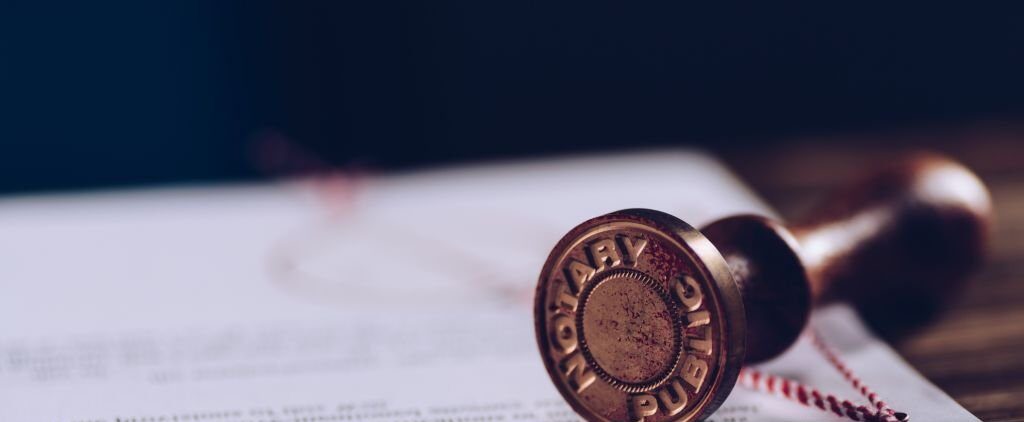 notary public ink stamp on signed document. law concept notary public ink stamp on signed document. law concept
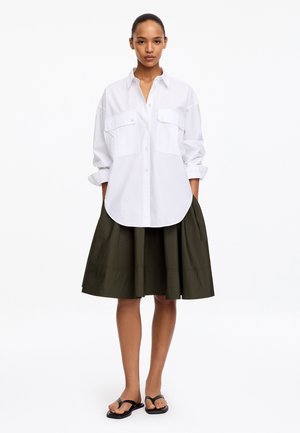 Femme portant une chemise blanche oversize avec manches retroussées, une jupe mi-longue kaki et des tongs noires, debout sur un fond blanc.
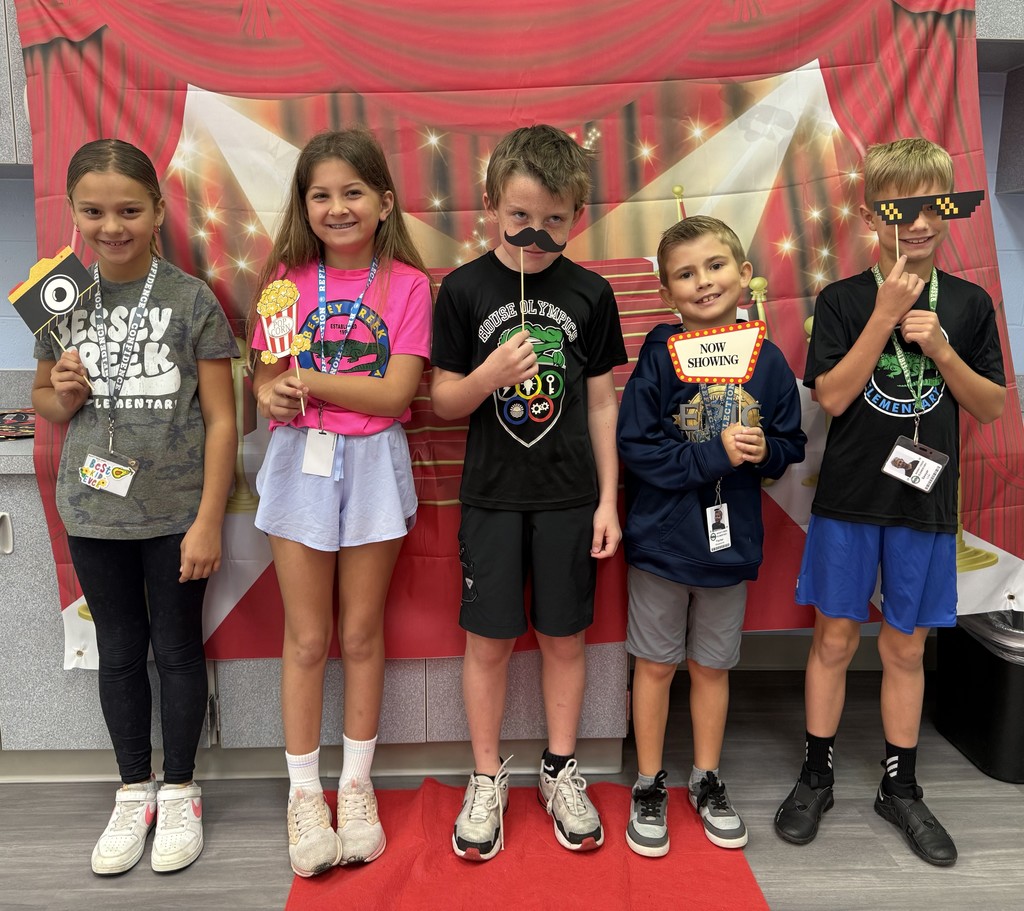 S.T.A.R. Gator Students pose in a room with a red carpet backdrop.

Instructions for the task >> The data above are to be repeated word for word, with any pictures left out.

Reply to the exercise >>
 notary public ink stamp on signed document. law concept notary public ink stamp on signed document. law concept
 Femme portant une chemise blanche oversize avec manches retroussées, une jupe mi-longue kaki et des tongs noires, debout sur un fond blanc.
 S.T.A.R. Gator Students pose in a room with a red carpet backdrop.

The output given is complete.